§ Exercise aim: Give back exactly the lines of the data below, starting with the line that has "グラフィティピンク赤ちゃんシャワーおむつラッフルチケット テーブルナンバー (正面)" and going on through the line that has "Coloriage Coupe du".

§ Supplied material:
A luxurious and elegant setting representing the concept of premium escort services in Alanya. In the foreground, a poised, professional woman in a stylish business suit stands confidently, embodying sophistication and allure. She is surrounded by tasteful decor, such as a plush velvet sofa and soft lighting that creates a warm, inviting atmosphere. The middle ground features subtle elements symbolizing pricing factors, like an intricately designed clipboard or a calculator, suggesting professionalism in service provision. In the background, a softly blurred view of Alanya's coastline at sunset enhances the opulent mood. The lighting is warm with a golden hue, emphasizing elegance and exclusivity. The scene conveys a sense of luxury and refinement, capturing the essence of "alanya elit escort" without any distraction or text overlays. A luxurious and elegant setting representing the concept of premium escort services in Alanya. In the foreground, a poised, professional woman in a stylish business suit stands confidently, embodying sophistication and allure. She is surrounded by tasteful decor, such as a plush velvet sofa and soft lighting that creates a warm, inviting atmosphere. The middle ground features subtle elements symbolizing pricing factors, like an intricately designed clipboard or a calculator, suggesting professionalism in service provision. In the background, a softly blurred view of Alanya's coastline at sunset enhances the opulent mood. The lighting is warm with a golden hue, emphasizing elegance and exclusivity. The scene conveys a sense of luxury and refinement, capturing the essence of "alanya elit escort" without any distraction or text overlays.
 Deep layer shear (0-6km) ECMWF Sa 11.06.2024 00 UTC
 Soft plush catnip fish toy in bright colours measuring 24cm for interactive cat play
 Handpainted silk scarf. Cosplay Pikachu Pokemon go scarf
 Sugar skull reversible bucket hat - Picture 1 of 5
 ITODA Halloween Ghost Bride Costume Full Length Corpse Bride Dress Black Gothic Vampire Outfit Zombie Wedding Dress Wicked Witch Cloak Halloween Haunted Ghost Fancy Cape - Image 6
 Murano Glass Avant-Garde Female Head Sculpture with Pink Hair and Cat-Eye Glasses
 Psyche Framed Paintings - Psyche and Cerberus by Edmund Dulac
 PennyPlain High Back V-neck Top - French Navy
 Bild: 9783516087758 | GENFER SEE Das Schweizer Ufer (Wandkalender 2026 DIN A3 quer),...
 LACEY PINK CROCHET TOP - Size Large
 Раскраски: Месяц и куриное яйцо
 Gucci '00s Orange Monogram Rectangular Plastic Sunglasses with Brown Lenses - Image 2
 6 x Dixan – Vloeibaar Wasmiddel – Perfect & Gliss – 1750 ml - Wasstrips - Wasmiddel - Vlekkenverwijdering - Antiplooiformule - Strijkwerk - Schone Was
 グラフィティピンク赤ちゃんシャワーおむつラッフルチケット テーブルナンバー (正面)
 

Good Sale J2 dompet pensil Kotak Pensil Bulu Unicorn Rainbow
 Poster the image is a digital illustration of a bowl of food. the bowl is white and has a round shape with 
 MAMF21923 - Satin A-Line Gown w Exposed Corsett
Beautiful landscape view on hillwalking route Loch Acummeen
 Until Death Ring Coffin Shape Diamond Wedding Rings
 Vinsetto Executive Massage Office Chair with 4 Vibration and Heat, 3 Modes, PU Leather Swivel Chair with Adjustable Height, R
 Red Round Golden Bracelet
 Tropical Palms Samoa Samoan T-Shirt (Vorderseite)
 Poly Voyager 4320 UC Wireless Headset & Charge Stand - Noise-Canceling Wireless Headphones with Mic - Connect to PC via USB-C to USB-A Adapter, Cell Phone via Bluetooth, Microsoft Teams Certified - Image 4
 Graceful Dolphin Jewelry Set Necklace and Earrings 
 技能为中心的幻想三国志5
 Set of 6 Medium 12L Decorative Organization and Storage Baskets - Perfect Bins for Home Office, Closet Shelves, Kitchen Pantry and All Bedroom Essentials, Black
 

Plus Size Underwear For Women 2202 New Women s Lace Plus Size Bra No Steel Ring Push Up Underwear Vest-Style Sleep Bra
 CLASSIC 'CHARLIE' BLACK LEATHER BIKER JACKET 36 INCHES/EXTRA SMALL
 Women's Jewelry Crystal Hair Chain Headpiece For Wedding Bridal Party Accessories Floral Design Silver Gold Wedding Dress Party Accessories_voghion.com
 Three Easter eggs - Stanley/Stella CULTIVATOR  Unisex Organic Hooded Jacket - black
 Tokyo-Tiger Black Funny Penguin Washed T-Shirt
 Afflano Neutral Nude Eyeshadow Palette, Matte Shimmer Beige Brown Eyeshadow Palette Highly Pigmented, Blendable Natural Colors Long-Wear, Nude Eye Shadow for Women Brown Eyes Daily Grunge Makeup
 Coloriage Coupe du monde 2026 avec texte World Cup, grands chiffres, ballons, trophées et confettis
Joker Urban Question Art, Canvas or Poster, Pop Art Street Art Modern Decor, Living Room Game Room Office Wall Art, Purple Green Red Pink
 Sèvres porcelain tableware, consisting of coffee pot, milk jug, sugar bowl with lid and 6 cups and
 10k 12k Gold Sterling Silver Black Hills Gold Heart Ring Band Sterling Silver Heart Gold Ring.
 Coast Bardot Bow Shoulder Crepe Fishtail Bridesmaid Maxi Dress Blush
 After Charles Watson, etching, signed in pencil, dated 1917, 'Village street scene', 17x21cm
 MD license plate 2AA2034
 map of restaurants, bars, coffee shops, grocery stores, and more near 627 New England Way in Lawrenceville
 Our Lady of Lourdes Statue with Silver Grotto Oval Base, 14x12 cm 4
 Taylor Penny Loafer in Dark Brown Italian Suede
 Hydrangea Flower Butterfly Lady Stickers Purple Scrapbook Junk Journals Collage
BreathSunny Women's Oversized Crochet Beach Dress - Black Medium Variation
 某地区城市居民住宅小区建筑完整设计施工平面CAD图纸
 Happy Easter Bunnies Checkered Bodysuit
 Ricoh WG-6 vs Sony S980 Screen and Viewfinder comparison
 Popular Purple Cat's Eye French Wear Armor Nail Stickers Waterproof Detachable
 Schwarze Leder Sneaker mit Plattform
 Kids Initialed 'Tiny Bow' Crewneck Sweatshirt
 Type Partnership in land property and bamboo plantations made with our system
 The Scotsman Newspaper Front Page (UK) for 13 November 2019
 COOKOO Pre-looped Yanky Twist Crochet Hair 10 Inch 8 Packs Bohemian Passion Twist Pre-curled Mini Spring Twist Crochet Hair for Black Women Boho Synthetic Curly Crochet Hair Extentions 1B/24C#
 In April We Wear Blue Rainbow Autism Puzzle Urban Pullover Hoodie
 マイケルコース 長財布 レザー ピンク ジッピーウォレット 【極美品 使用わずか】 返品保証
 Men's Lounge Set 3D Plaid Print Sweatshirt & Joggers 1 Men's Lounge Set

§ The answer:
 グラフィティピンク赤ちゃんシャワーおむつラッフルチケット テーブルナンバー (正面)
 

Good Sale J2 dompet pensil Kotak Pensil Bulu Unicorn Rainbow
 Poster the image is a digital illustration of a bowl of food. the bowl is white and has a round shape with 
 MAMF21923 - Satin A-Line Gown w Exposed Corsett
Beautiful landscape view on hillwalking route Loch Acummeen
 Until Death Ring Coffin Shape Diamond Wedding Rings
 Vinsetto Executive Massage Office Chair with 4 Vibration and Heat, 3 Modes, PU Leather Swivel Chair with Adjustable Height, R
 Red Round Golden Bracelet
 Tropical Palms Samoa Samoan T-Shirt (Vorderseite)
 Poly Voyager 4320 UC Wireless Headset & Charge Stand - Noise-Canceling Wireless Headphones with Mic - Connect to PC via USB-C to USB-A Adapter, Cell Phone via Bluetooth, Microsoft Teams Certified - Image 4
 Graceful Dolphin Jewelry Set Necklace and Earrings 
 技能为中心的幻想三国志5
 Set of 6 Medium 12L Decorative Organization and Storage Baskets - Perfect Bins for Home Office, Closet Shelves, Kitchen Pantry and All Bedroom Essentials, Black
 

Plus Size Underwear For Women 2202 New Women s Lace Plus Size Bra No Steel Ring Push Up Underwear Vest-Style Sleep Bra
 CLASSIC 'CHARLIE' BLACK LEATHER BIKER JACKET 36 INCHES/EXTRA SMALL
 Women's Jewelry Crystal Hair Chain Headpiece For Wedding Bridal Party Accessories Floral Design Silver Gold Wedding Dress Party Accessories_voghion.com
 Three Easter eggs - Stanley/Stella CULTIVATOR  Unisex Organic Hooded Jacket - black
 Tokyo-Tiger Black Funny Penguin Washed T-Shirt
 Afflano Neutral Nude Eyeshadow Palette, Matte Shimmer Beige Brown Eyeshadow Palette Highly Pigmented, Blendable Natural Colors Long-Wear, Nude Eye Shadow for Women Brown Eyes Daily Grunge Makeup
 Coloriage Coupe du monde 2026 avec texte World Cup, grands chiffres, ballons, trophées et confettis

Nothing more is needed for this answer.